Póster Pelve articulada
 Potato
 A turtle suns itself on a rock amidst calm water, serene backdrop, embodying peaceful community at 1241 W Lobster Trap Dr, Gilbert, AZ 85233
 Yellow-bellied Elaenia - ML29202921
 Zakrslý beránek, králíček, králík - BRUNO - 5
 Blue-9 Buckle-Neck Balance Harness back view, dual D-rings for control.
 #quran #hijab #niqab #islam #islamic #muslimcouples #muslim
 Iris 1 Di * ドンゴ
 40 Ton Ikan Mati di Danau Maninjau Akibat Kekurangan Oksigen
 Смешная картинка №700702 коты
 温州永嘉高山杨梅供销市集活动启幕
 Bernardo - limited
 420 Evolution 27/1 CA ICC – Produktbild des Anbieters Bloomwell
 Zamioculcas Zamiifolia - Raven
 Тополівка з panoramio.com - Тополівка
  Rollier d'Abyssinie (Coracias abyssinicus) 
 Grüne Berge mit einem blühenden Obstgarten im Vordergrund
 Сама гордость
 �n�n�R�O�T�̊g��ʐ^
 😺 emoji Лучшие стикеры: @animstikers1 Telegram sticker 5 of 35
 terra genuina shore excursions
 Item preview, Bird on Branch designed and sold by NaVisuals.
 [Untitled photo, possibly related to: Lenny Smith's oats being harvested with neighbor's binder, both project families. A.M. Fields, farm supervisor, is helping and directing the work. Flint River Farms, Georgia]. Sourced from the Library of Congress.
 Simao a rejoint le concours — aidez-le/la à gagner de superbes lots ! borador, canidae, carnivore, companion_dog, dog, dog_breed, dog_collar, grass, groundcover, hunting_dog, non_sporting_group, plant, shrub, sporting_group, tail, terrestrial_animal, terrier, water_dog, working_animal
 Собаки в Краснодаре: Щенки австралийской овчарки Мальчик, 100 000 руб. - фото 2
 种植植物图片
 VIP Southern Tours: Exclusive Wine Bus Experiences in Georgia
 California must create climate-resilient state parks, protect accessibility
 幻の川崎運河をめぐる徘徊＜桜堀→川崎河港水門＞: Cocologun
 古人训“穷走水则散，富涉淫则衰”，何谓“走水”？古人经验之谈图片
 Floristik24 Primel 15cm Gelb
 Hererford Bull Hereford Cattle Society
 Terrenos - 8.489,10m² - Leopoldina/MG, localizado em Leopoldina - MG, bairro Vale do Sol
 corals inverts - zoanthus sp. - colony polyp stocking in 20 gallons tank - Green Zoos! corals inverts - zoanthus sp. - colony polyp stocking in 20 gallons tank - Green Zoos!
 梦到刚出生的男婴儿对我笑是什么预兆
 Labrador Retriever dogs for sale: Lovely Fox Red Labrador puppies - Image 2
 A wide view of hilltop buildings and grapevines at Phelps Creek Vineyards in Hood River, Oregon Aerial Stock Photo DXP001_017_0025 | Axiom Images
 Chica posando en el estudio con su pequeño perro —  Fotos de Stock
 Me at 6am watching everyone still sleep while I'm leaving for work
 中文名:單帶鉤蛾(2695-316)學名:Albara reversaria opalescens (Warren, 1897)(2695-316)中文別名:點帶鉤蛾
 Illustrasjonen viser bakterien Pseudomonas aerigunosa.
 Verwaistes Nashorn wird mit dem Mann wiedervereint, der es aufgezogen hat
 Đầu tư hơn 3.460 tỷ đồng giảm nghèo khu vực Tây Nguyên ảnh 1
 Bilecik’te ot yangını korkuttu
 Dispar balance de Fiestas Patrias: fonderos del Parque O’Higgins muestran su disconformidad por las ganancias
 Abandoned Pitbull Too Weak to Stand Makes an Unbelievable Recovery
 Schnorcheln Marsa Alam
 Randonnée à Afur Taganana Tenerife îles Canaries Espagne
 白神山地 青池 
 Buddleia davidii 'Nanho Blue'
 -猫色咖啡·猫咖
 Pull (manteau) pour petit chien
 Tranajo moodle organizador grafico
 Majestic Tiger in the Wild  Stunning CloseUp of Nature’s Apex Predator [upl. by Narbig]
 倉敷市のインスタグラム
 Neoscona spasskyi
|---|
**THE PROBLEM:**
Each record is to be repeated word for word, with none skipped.

**RESULT BELOW:**
Póster Pelve articulada
 Potato
 A turtle suns itself on a rock amidst calm water, serene backdrop, embodying peaceful community at 1241 W Lobster Trap Dr, Gilbert, AZ 85233
 Yellow-bellied Elaenia - ML29202921
 Zakrslý beránek, králíček, králík - BRUNO - 5
 Blue-9 Buckle-Neck Balance Harness back view, dual D-rings for control.
 #quran #hijab #niqab #islam #islamic #muslimcouples #muslim
 Iris 1 Di * ドンゴ
 40 Ton Ikan Mati di Danau Maninjau Akibat Kekurangan Oksigen
 Смешная картинка №700702 коты
 温州永嘉高山杨梅供销市集活动启幕
 Bernardo - limited
 420 Evolution 27/1 CA ICC – Produktbild des Anbieters Bloomwell
 Zamioculcas Zamiifolia - Raven
 Тополівка з panoramio.com - Тополівка
  Rollier d'Abyssinie (Coracias abyssinicus) 
 Grüne Berge mit einem blühenden Obstgarten im Vordergrund
 Сама гордость
 �n�n�R�O�T�̊g��ʐ^
 😺 emoji Лучшие стикеры: @animstikers1 Telegram sticker 5 of 35
 terra genuina shore excursions
 Item preview, Bird on Branch designed and sold by NaVisuals.
 [Untitled photo, possibly related to: Lenny Smith's oats being harvested with neighbor's binder, both project families. A.M. Fields, farm supervisor, is helping and directing the work. Flint River Farms, Georgia]. Sourced from the Library of Congress.
 Simao a rejoint le concours — aidez-le/la à gagner de superbes lots ! borador, canidae, carnivore, companion_dog, dog, dog_breed, dog_collar, grass, groundcover, hunting_dog, non_sporting_group, plant, shrub, sporting_group, tail, terrestrial_animal, terrier, water_dog, working_animal
 Собаки в Краснодаре: Щенки австралийской овчарки Мальчик, 100 000 руб. - фото 2
 种植植物图片
 VIP Southern Tours: Exclusive Wine Bus Experiences in Georgia
 California must create climate-resilient state parks, protect accessibility
 幻の川崎運河をめぐる徘徊＜桜堀→川崎河港水門＞: Cocologun
 古人训“穷走水则散，富涉淫则衰”，何谓“走水”？古人经验之谈图片
 Floristik24 Primel 15cm Gelb
 Hererford Bull Hereford Cattle Society
 Terrenos - 8.489,10m² - Leopoldina/MG, localizado em Leopoldina - MG, bairro Vale do Sol
 corals inverts - zoanthus sp. - colony polyp stocking in 20 gallons tank - Green Zoos! corals inverts - zoanthus sp. - colony polyp stocking in 20 gallons tank - Green Zoos!
 梦到刚出生的男婴儿对我笑是什么预兆
 Labrador Retriever dogs for sale: Lovely Fox Red Labrador puppies - Image 2
 A wide view of hilltop buildings and grapevines at Phelps Creek Vineyards in Hood River, Oregon Aerial Stock Photo DXP001_017_0025 | Axiom Images
 Chica posando en el estudio con su pequeño perro —  Fotos de Stock
 Me at 6am watching everyone still sleep while I'm leaving for work
 中文名:單帶鉤蛾(2695-316)學名:Albara reversaria opalescens (Warren, 1897)(2695-316)中文別名:點帶鉤蛾
 Illustrasjonen viser bakterien Pseudomonas aerigunosa.
 Verwaistes Nashorn wird mit dem Mann wiedervereint, der es aufgezogen hat
 Đầu tư hơn 3.460 tỷ đồng giảm nghèo khu vực Tây Nguyên ảnh 1
 Bilecik’te ot yangını korkuttu
 Dispar balance de Fiestas Patrias: fonderos del Parque O’Higgins muestran su disconformidad por las ganancias
 Abandoned Pitbull Too Weak to Stand Makes an Unbelievable Recovery
 Schnorcheln Marsa Alam
 Randonnée à Afur Taganana Tenerife îles Canaries Espagne
 白神山地 青池 
 Buddleia davidii 'Nanho Blue'
 -猫色咖啡·猫咖
 Pull (manteau) pour petit chien
 Tranajo moodle organizador grafico
 Majestic Tiger in the Wild  Stunning CloseUp of Nature’s Apex Predator [upl. by Narbig]
 倉敷市のインスタグラム
 Neoscona spasskyi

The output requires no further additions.